The Badlands – State Park – Bring on the Bacon
Dinosaurs were still on my mind as we packed our gear to hit the trail in the morning. Staying in Badlands National Park in a rustic cabin with a guest rabbit who visited every morning added charm to what proved to be a rugged climb up Saddle Pass. But I digress. One of the real treats during our stay came to us by way of the Cedar Pass Lodge diner. Breakfast is buffet all the way in the old West. While I normally don’t opt for pork, there was something compelling about the bacon. Bill conceded my point that the land still belonged to the dinosaurs “on average” pausing to bliss out on the best bacon either of us ever tasted. When I complimented the cook, who sat out back on a stump, he smiled through his handlebar mustache and said, “That makes me want to try a little harder next time.” The Tao of bacon; my first teaching of the day.
Lunar, Martian, frozen dinosaurs, ancient sea beds? The Badlands are eroding before our eyes, time rolling down the weathered, red and grey veined cliffs in little pebbles, the occasional boulder. Just another speck in the cosmos, I marveled at the vast, water carved history of the earth laid out before us, a living topographic map. Struggling up a steep, gravely trail called Saddle Pass, Bill and I emerged onto a prairie floor 1/4 mile above the other prairie below.
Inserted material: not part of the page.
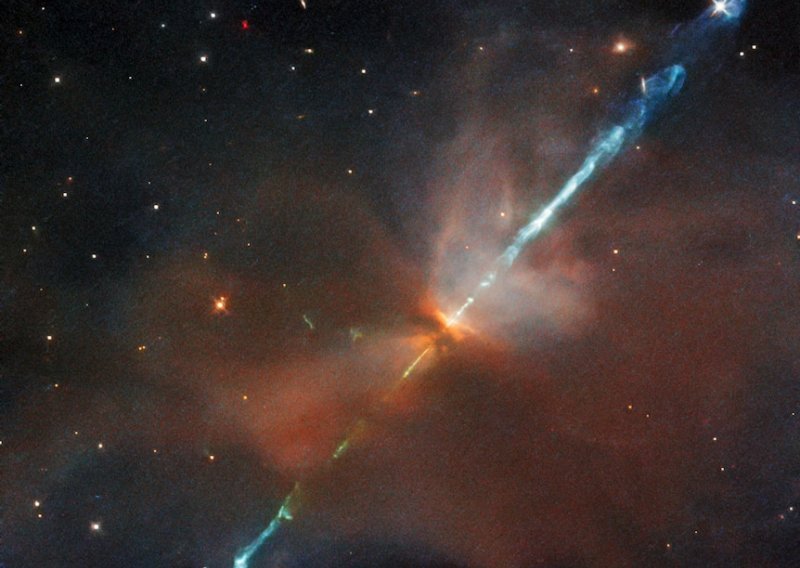 [FOTO] Mlazovi plavog plina izbijaju iz oblaka prašine: Pogledajte detaljnu sliku vrlo rijetkog kozmičkog objekta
The buttes were above us and below us with two prairies stretching in between. It was as if we emerged onto an African savannah through a narrow opening in the valley of time. I do not exaggerate, the dinosaurs will vouchsafe for me. Gave a little blood to the land, honored the ancestors and proceeded to the Buffalo Gap national grasslands, stopping at a lovely oasis along the way.
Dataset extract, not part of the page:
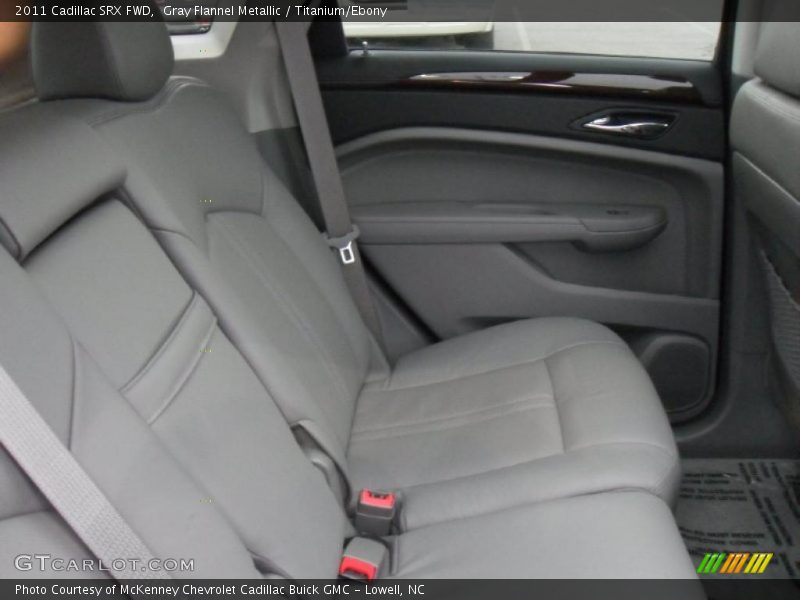 Gray Flannel Metallic / Titanium/Ebony 2011 Cadillac SRX FWD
So came my second and most valuable lesson. The zen prairie dog who never blinked while I snapped several pictures from the window of the car was an elder in a town of chirping, cavorting, scuttling prairie dogs. There were always sentinels, looking out for the clan, who were very affectionate and frisky; a caring, lively community. There were miles of these towns along Sage Creek Rim road. But we were there to see the bison. It took us almost 7 miles to see a lone bull, standing under a tree and a few more miles to find several small herds, peacefully snacking on prairie grass. Parked on the dirt road in the middle of two hills of bison, we turned off the car and sat watching the herd. Bison are unlike cattle: their shapes, the look in their eyes, the grunting noises they make, the shaggy manes and little jumpy tails. While their rocking horse running gait was sort of comical, they seemed to glide along effortlessly when walking and grazing. The buffalo calves were goofy and played as comfortably with the big bulls as they did with the females and other youngsters, another peaceful, loving community in action. I wish I could describe the deep, noble feeling emanating from these large, soulful beings. White buffalo calf woman gave the American Indians the gift of the buffalo, which sustained them. The ancestors made their presence known. Again, I was humbled and deeply moved by the peace in the sound of the grass blowing in the wind. If human beings were as loving to one another as prairie dogs and bison are, our world would be renewed.